_WORK TO COMPLETE_. Reproduce the listing below as it stands. Leave out each image.

_PROVIDED MATERIAL_.
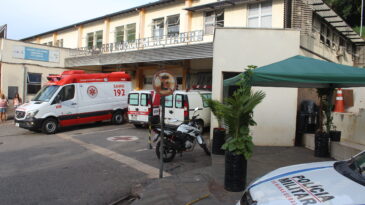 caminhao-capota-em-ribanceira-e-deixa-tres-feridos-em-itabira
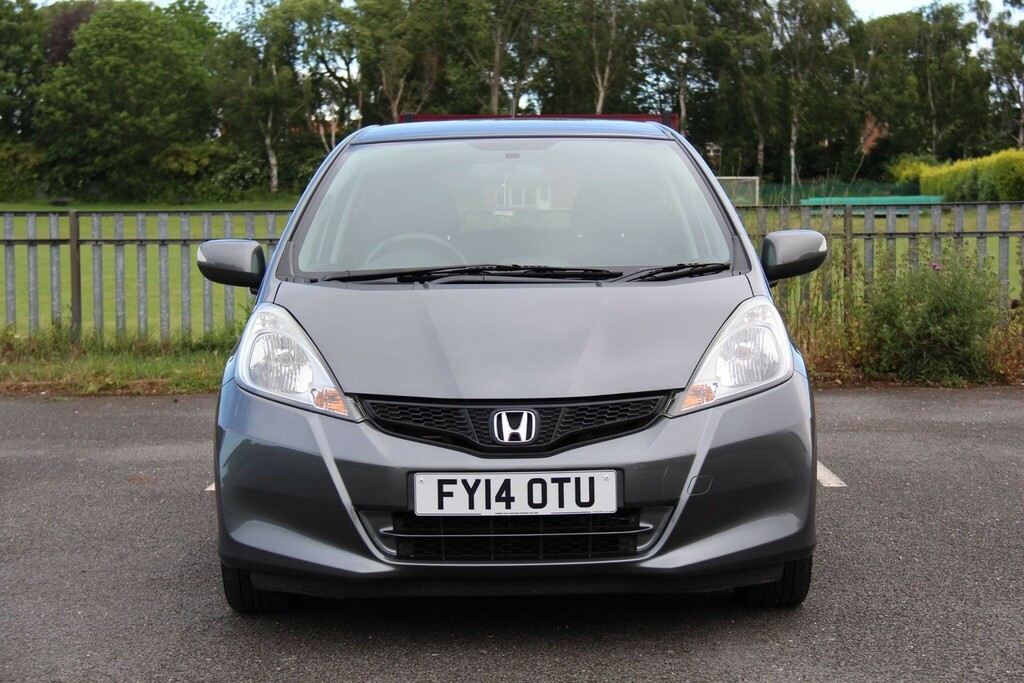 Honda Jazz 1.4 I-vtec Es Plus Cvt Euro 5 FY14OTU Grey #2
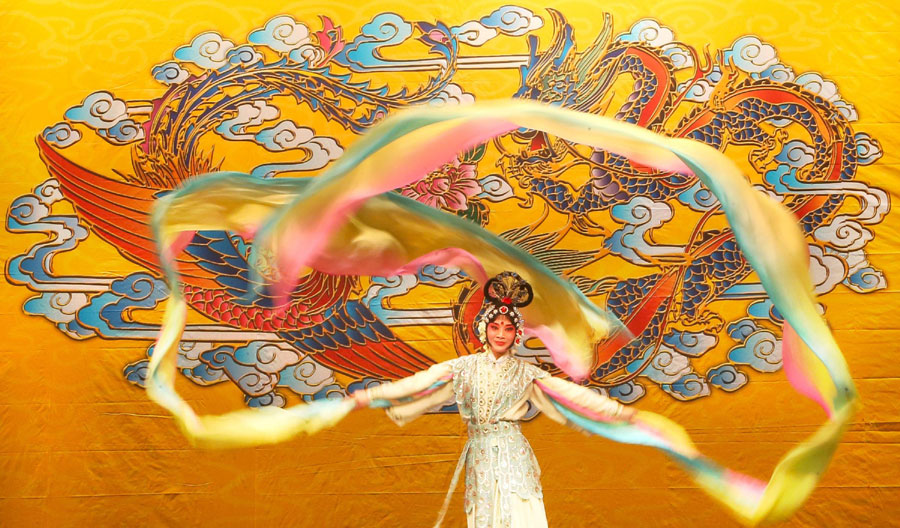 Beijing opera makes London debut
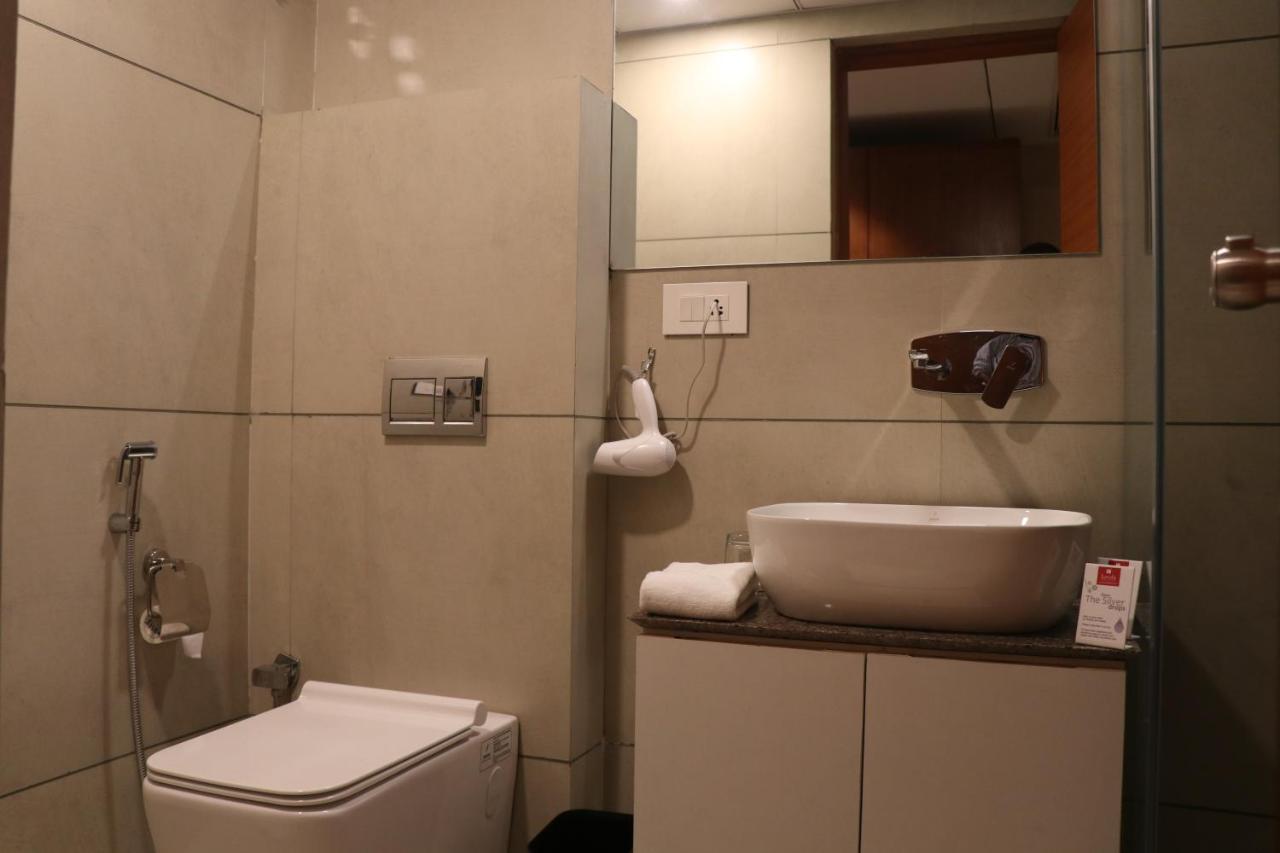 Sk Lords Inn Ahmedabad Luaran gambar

_TASK RESPONSE_.
 caminhao-capota-em-ribanceira-e-deixa-tres-feridos-em-itabira
 Honda Jazz 1.4 I-vtec Es Plus Cvt Euro 5 FY14OTU Grey #2
 Beijing opera makes London debut
 Sk Lords Inn Ahmedabad Luaran gambar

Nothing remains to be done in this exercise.